Most of Gordimer's writings reflect her belief that artists, through the emotional force of their work, can transform society. She holds up two standards for artists--relevance and commitment, "the justification of the writer's existence and the source of communication with one's people."
South African society demands relevance from its writers with a particular urgency, Gordimer says. "The writer is told you have a role in society. You have to serve--you must put yourself at the service of the struggle."
The question of relevance--how to capture the essence of one's country in a way meaningful to both the artist and his society--haunts South African writers today, Gordimer says. Writers who duck the visceral issue of apartheid find their work irrelevant to their society and in some larger sense to themselves. They are cut off from society, bereft.
Although she talks about alienation from society and self caused by apartheid, Gordimer scorns an empty, abstract ideal of relevance. "Artists shouldn't talk about apartheid--they have to go deeper," she snorts. The writer can make others feel, and the emotional depth necessary to convey such experience comes from a writer's internal commitment, she says. "Commitment takes over from within--it's the point at which the inner and outer world fuse." Commitment is the process of making moral decisions on grounds frustratingly ambiguous and clouded.
It is these moral decisions--and all their shades of gray--that obsess Nadine Gordimer. Burger's Daughter dramatizes Rosa Burger's search for a cause to which she can commit herself, while accepting her fears, doubts, and ambivalence.
But passionate and inspiring as her novel is, Gordimer emphasizes that the way Rosa chooses is not necessarily hers. "I haven't got the Rosa kind of commitment--it would be terrible to let you think that of me. It's kind of a holy mystery to me, that commitment. What makes them absolutely sure they couldn't live any other way?"
Rosa finds it impossible to live with herself on any other terms, but Gordimer has chosen a path she lambastes in her novel--moral but not overtly political commitment. "There is an uneasy middle ground. I know because I live on it," she says. "You take all kinds of stands that you find ridiculous later. For a long time, I refused to own a house because I felt badly about owning something blacks couldn't. But every time I travel--on a segregated bus--or go to any cinema. I'm doing things blacks can't do."
Gordimer says she finds herself testing her commitment and her courage constantly. She talks about the time a prominent white liberal university in South Africa offered her an honorary degree. Although the university had fought against apartheid, it was supported by government funds. Gordimer did not accept the degree. "I received harsh criticism for that. Even friends said I was wrong. But I have to live my life and make these decisions by myself."
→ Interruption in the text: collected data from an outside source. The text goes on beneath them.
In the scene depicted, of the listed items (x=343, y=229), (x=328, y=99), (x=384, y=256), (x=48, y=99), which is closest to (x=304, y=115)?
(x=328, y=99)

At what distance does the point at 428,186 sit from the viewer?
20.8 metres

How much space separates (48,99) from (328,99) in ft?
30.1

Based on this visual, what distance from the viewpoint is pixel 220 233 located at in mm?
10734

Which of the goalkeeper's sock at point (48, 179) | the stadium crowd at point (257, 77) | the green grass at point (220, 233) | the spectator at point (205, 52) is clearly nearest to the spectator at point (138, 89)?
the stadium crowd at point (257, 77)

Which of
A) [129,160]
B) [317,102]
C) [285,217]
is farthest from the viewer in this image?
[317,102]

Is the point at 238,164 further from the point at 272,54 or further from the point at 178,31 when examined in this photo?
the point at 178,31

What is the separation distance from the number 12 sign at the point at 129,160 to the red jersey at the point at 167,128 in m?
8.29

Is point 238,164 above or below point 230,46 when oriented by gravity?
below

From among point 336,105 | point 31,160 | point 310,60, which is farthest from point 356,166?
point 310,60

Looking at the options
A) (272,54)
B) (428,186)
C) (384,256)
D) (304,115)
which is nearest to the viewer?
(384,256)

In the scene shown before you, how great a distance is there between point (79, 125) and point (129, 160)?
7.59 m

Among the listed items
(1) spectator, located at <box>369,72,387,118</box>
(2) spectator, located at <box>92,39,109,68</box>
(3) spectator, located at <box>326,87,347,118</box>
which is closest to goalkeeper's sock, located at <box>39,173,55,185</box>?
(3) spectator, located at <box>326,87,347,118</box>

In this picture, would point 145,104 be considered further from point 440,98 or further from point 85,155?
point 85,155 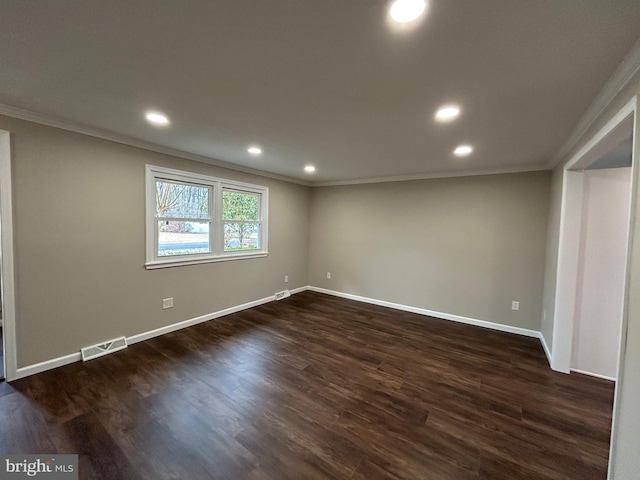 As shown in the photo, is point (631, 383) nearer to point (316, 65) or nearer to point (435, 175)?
point (316, 65)

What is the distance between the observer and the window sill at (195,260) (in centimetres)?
327

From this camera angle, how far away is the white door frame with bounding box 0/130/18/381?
221 cm

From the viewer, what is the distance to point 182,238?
362cm

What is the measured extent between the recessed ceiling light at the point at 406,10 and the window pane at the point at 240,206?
3520 millimetres

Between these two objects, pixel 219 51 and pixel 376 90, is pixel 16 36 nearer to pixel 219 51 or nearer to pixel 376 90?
pixel 219 51

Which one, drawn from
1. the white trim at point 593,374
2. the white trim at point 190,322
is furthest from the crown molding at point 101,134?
the white trim at point 593,374

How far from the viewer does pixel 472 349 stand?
3.18 meters

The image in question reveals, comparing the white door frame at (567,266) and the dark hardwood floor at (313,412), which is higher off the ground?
the white door frame at (567,266)

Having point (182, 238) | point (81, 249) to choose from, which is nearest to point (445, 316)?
point (182, 238)

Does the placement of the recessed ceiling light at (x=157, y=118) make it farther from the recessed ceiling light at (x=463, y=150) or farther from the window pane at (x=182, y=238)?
the recessed ceiling light at (x=463, y=150)

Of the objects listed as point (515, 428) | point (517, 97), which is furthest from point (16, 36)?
point (515, 428)

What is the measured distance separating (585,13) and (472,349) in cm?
324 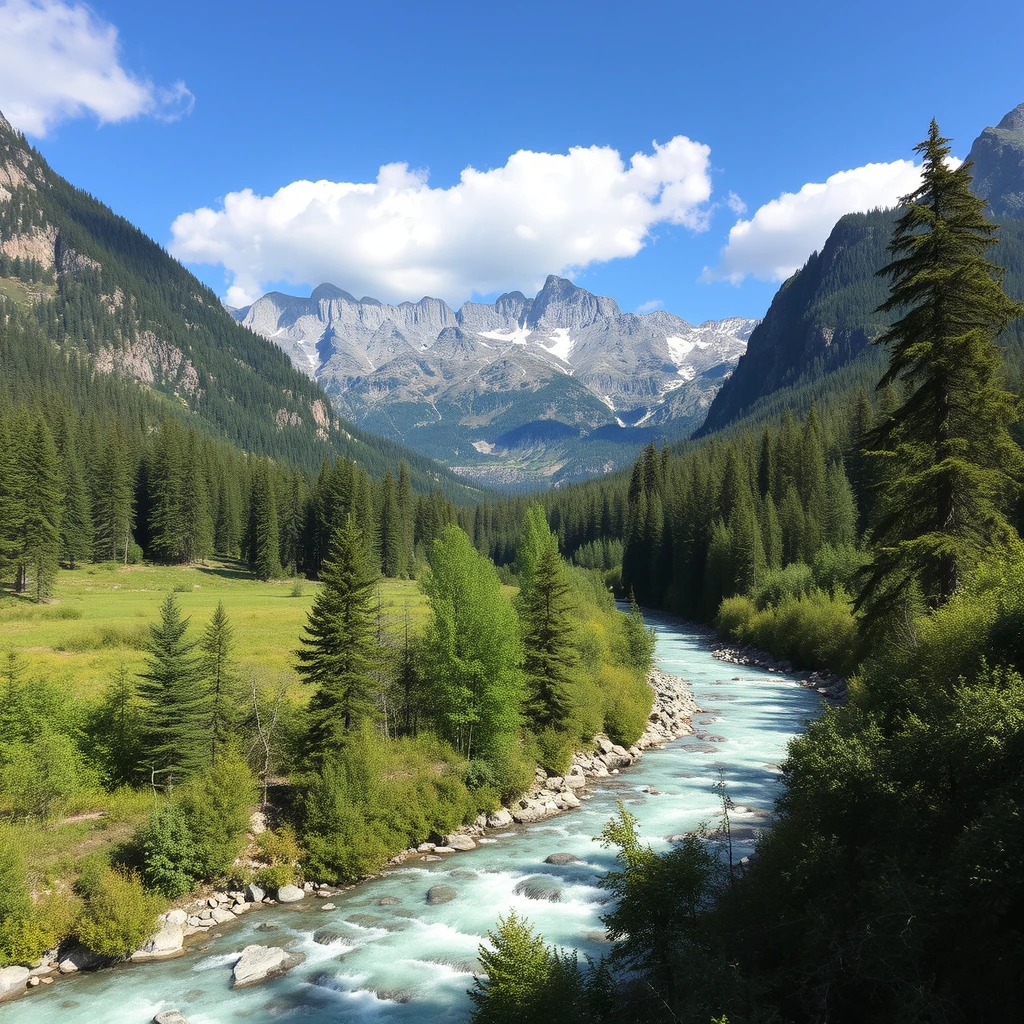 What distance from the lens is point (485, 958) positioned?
49.3ft

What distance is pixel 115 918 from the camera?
21.7 meters

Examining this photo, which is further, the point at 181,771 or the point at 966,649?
the point at 181,771

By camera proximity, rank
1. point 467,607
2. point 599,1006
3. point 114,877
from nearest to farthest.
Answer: point 599,1006, point 114,877, point 467,607

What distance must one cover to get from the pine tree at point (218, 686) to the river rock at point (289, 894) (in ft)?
22.0

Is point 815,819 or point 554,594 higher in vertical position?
point 554,594

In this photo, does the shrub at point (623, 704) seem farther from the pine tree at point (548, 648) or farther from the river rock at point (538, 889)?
the river rock at point (538, 889)

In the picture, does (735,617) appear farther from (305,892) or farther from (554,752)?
(305,892)

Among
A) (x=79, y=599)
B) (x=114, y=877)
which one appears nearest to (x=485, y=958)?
(x=114, y=877)

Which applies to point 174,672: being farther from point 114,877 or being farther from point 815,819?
point 815,819

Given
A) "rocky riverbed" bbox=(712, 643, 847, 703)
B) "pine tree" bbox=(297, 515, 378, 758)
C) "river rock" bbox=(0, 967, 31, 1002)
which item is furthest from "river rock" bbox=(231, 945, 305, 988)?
"rocky riverbed" bbox=(712, 643, 847, 703)

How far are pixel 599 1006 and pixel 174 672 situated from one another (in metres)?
22.3

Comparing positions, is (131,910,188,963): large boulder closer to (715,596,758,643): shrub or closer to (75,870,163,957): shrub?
(75,870,163,957): shrub

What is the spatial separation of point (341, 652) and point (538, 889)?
13364mm

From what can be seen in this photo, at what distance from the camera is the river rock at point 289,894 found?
83.4 feet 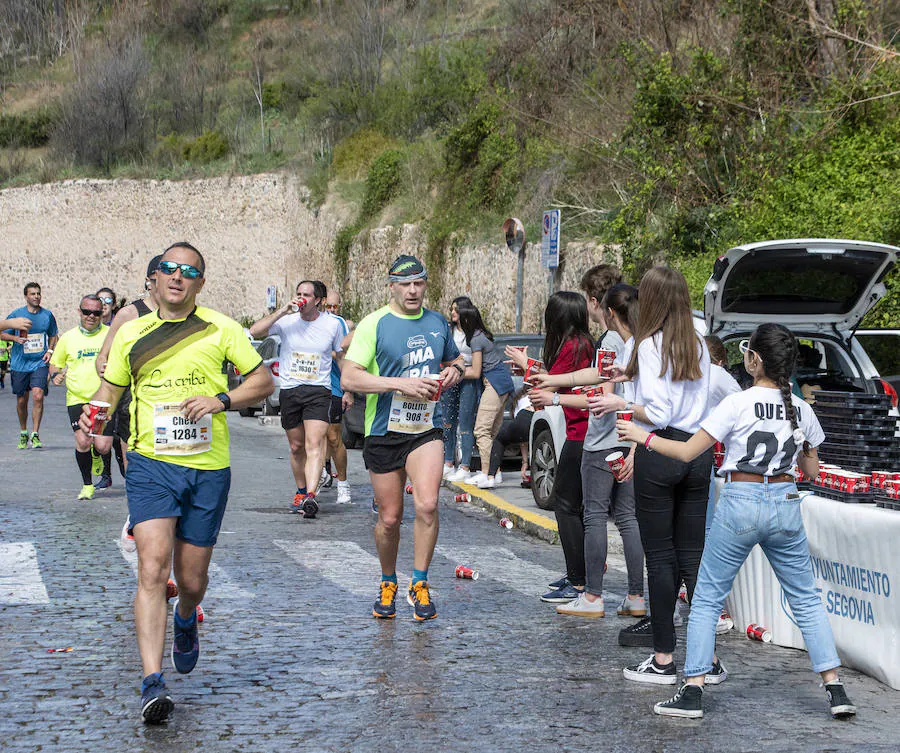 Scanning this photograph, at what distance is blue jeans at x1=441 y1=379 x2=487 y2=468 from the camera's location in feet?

Reaffirming this commitment has placed great political tensions on her. "When I'm asked a question, I'm afraid to answer honestly, in case it might not be good for me at home. We've talked about this"--glancing quickly at her son Hugo, a senior at Columbia--"one might lose a passport. You're playing it by ear all the time with shivers up the spine," she says calmly.
Gordimer says she foresaw political harassment over Burger's Daughter, her most political novel to date. She included in the text of the novel a banned document from the Soweto riots in 1976. "I took certain liberties and I was afraid the government would ask themselves was she one of them? (Communists). She must have had access to early documents, perhaps she was in on it."
Despite a degree of political harassment and the humiliation and frustration of seeing her works banned, Gordimer protests she falls far short of Rosa's ideal. "I've never been named, and wouldn't be (naming is a form of punishment less severe than banning, but which restricts movement and visits). People are named as a result of direct political activity. It takes a lot of courage to do that," she says.
Gordimer does not choose Rosa's way--and you sense regret, self-condemnation, and a wry self-knowledge that she could not live Rosa's life. Nevertheless, she seems to have confronted and accepted her personal commitment as an artist. "I do my work. I tell the truth as I see it. I say what I think, here and there," she says, proudly.